On the one hand it's intriguing to see advances in cutting-edge technology but, on the other, some of it seems like such a stretch it's hard to see it ever taking off. Do we really need even more technology in our lives or is it obscuring better, simpler solutions?
To get a better grasp of the robotics scene, particularly in Japan, we sought the advice of someone who should know.
We spoke with robotics expert and author of a book called Loving the Machine, The Art and Science of Japanese Robots, Tim Hornyak. With HAL and similar machines in mind, he told us he's cautiously optimistic, but not without reservations:
"Despite news of mass production of HAL beginning this year, I see the market in the near term as small with limited growth potential due to the high rental price per unit and the complex technical adjustments that must be made to set up the suits for each user - it's no wonder that every photo of HAL shows the same model wearing it."
However, looking ahead to future benefits from current breakthroughs, Hornyak offers some encouragement: "In the medium term ... Japan's rapidly aging population - evident in the many bent-over oldsters on Tokyo's streets - will likely benefit from smaller, cheaper strength-boosting devices derived from these early-generation suits."
He continues: "Power suits or derived technology will probably become as common as artificial joints today.
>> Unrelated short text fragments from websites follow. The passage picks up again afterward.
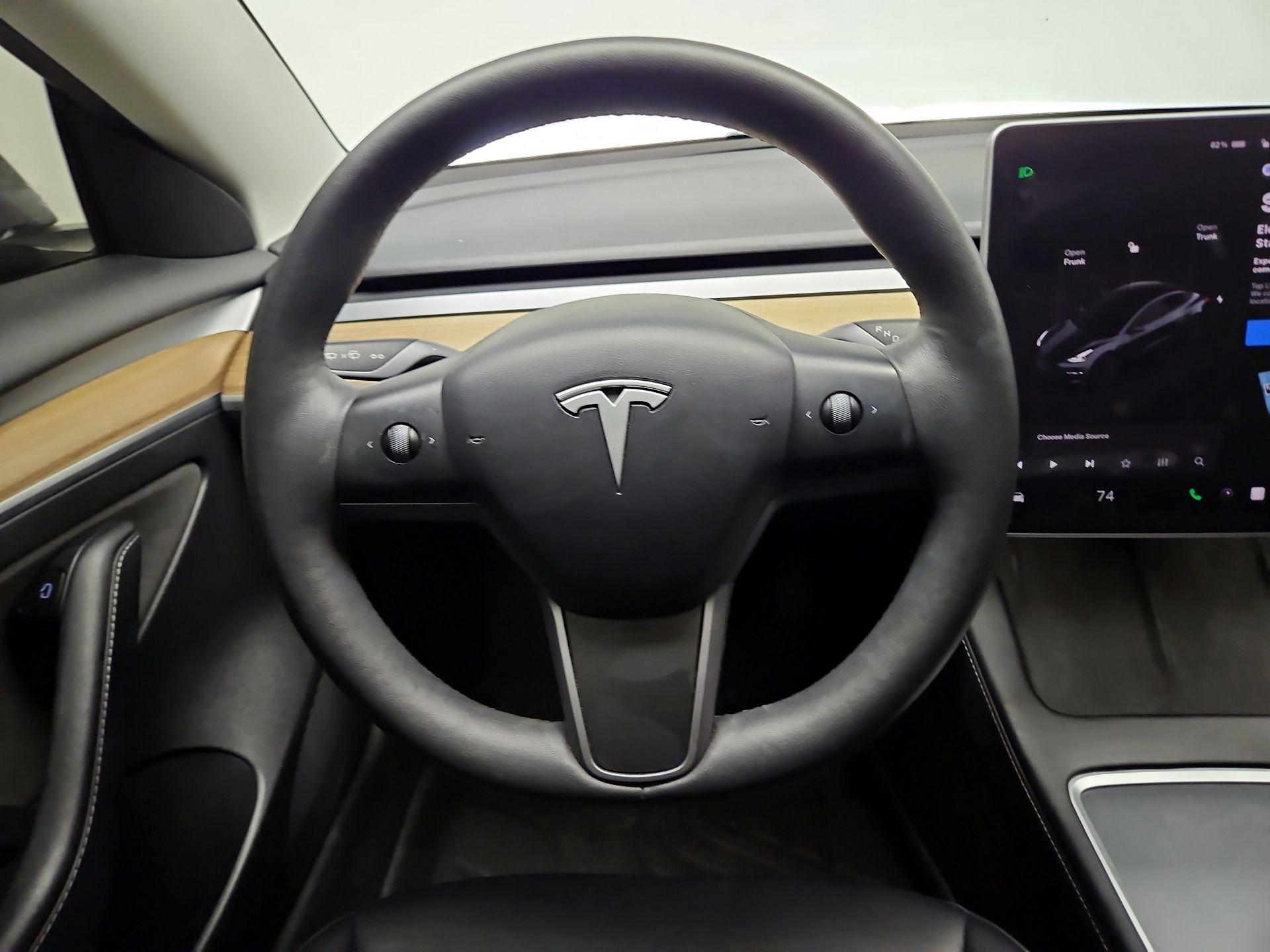 Thumbnail: 2023 Tesla Model 3 - 10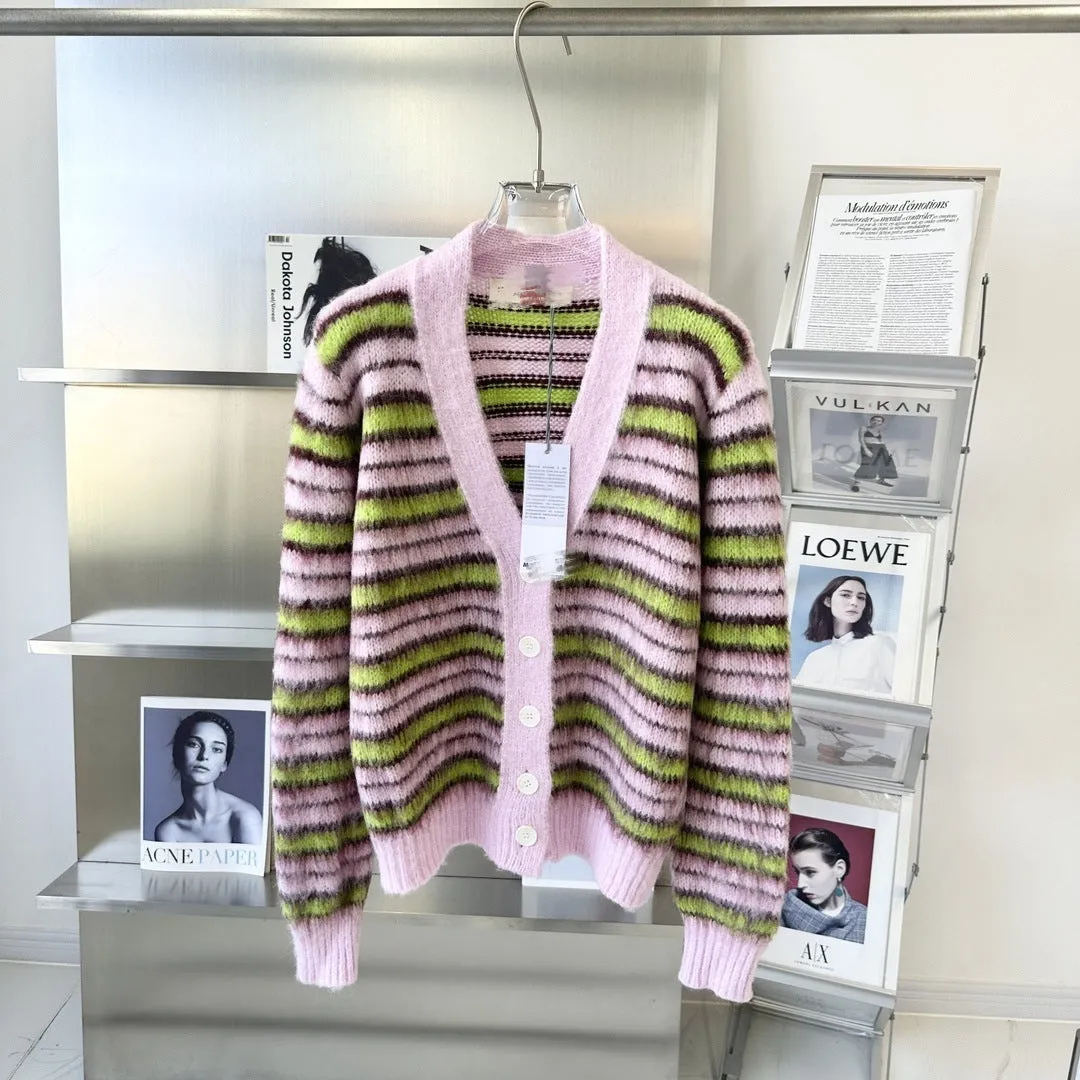 Pink wool knitted cardigan sweater with nap craft fabric and socialite style design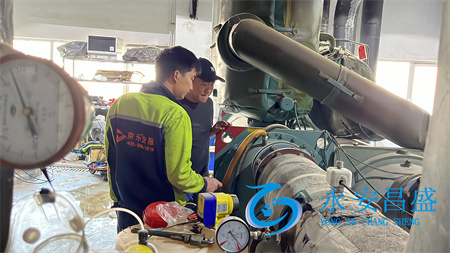 中央空調(diào)專業(yè)清洗服務(wù)指南 正規(guī)流程選擇與常見(jiàn)誤區(qū)避坑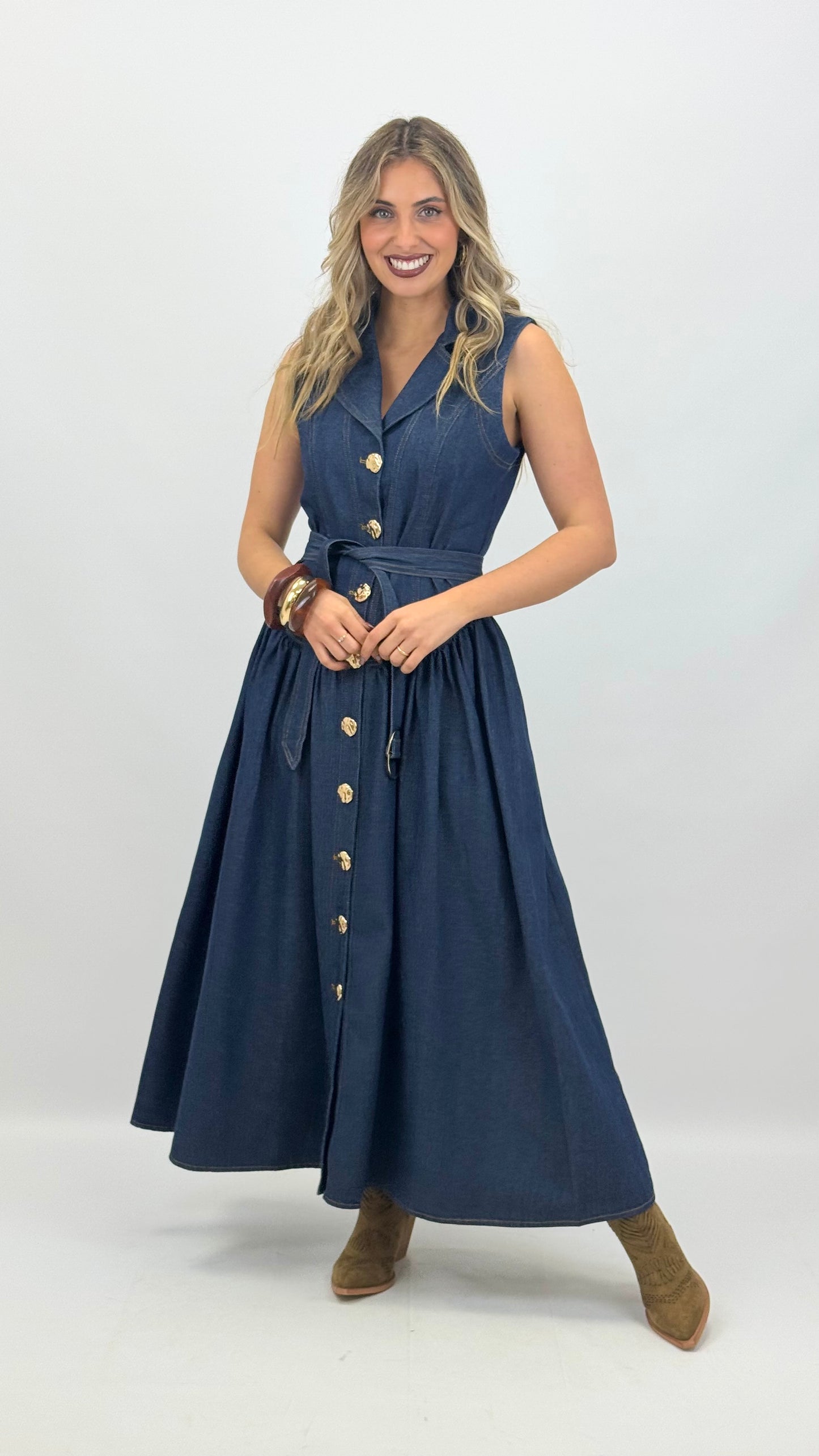Vestido midi com botões dourados ganga-escura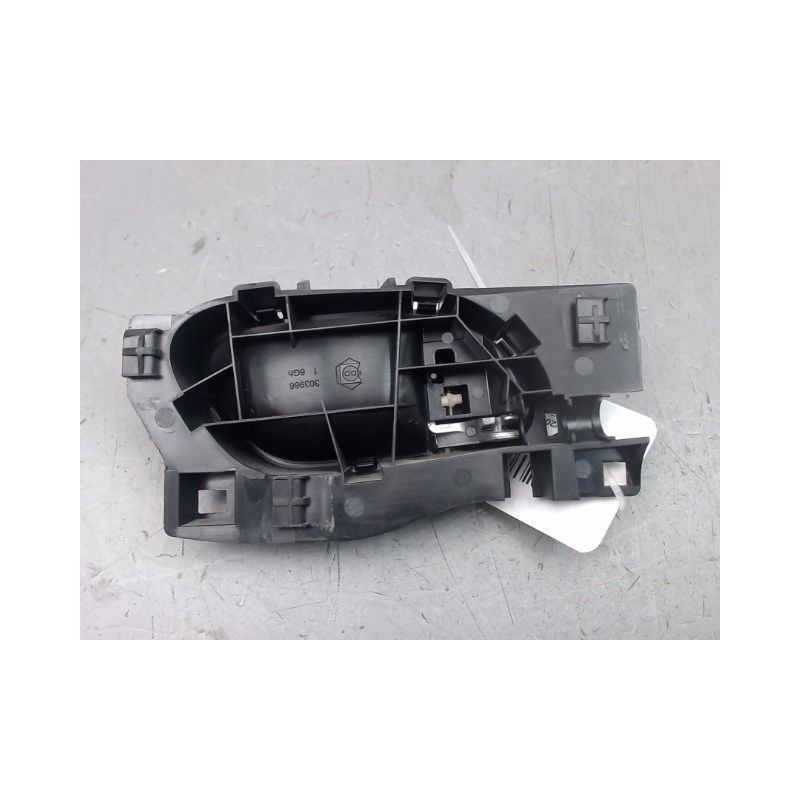 POIGNEE INTERIEURE PORTE AVANT GAUCHE PEUGEOT 207 SW 2007-2013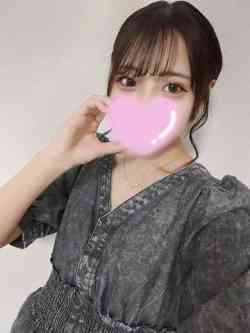 くう【喜びが止まらない清純娘】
Can I imagine elderly people strapping on a power suit once getting up the stairs becomes too difficult? Not really. But then again I never thought electric mobility scooters for the elderly would take off, and they are now a common sight."
In other words, what we saw yesterday may not be anything terribly significant in itself, but the implications of machines like HAL could well be felt by future generations and, possibly, by us in our twilight years.